Kapwani Kiwanga’s exhibition “Maji-Maji” draws on the historical account of the Maji-Maji War,
which took place between 1905 and 1907 and was one of the largest uprisings on the African
continent at the beginning of the twentieth century. The revolt against German rule was initiated by a
spiritual medium named Kinjiketile, also known by the name Bokero. After being possessed by the spirit
Hongo, he attracted a large following, and distributed sacred water, or maji, that was to protect them
by transforming German bullets into water. Maji-Maji fighters’ belief in the supernatural was a means
to galvanise the insurrection, which was fundamentally a belief in the possibility of creating another
social order. However, the maji did not safeguard them and many African lives were lost.

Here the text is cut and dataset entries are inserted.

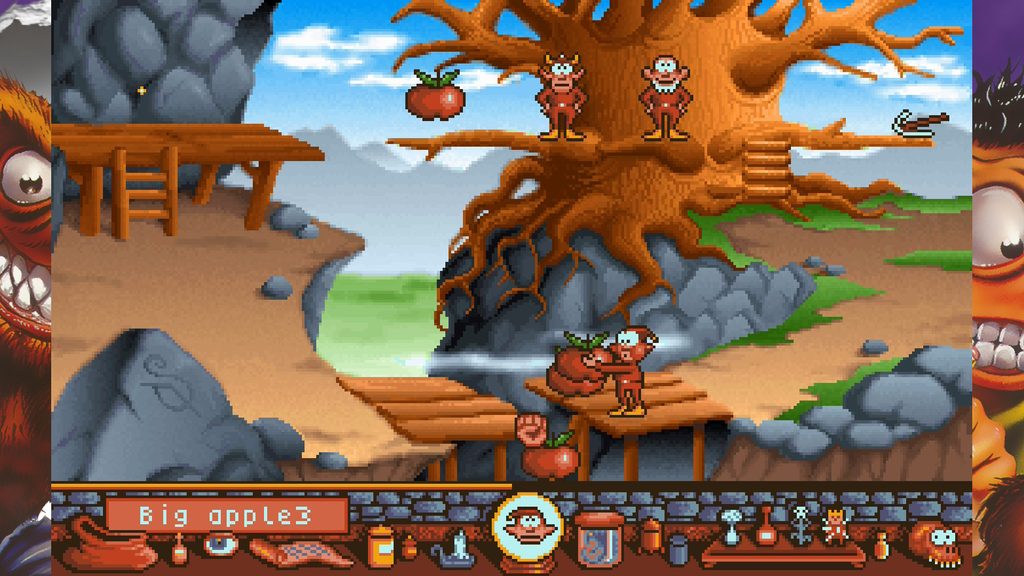 Gobliiins Collection - A screenshot of gameplay from Gobliiins. Two goblins stand in a tree while another tries to drop a giant tomato to bridge a gap.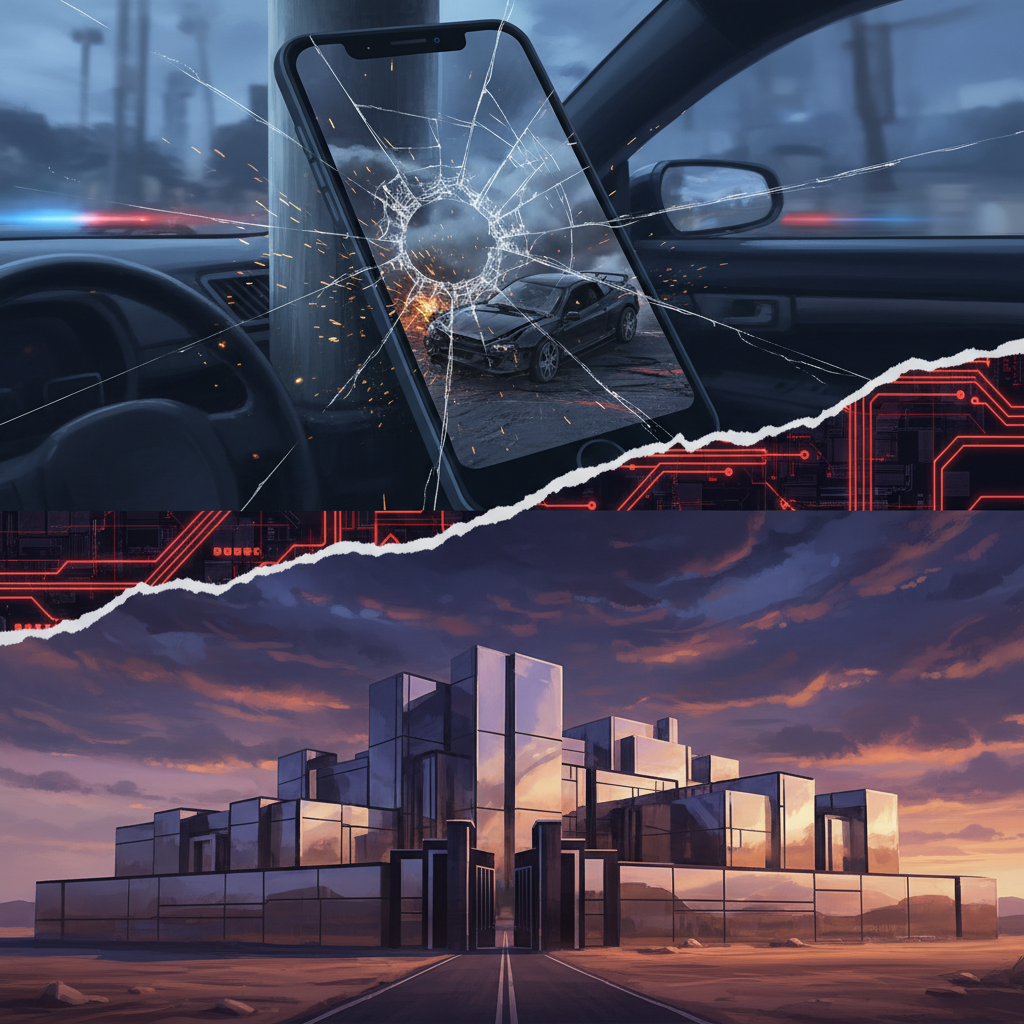 Algorithm for a Car Crash — Ch.1: Vision of Doom, Arrival at the Glass Campus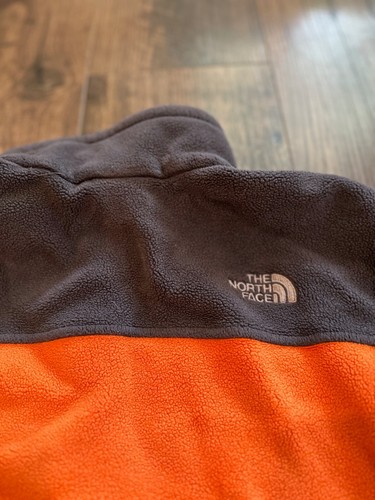 The North Face Boy's Full Zip Thick Fleece Jacket Gray & Orange, Size: L 14/16 - Picture 15 of 15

In her exhibition, Kapwani Kiwanga focuses on the voids present in the living memory of
the Maji-Maji War and its material traces, as well as the supernatural imagination that encompasses
and contextualises it. As she says, voids are felt often because the presence of other things marks their
absence. As in the question of void and presence, the supernatural also has a dual capacity to protect
or assault. Kapwani adopts an empathic approach to the subject, making the spectators feel and
imagine these ungraspable, inaccessible, vanished voids. The absence is thus made into a constituent
element of a story being retold, through evoking the power of the oral, of the broken and fragmented.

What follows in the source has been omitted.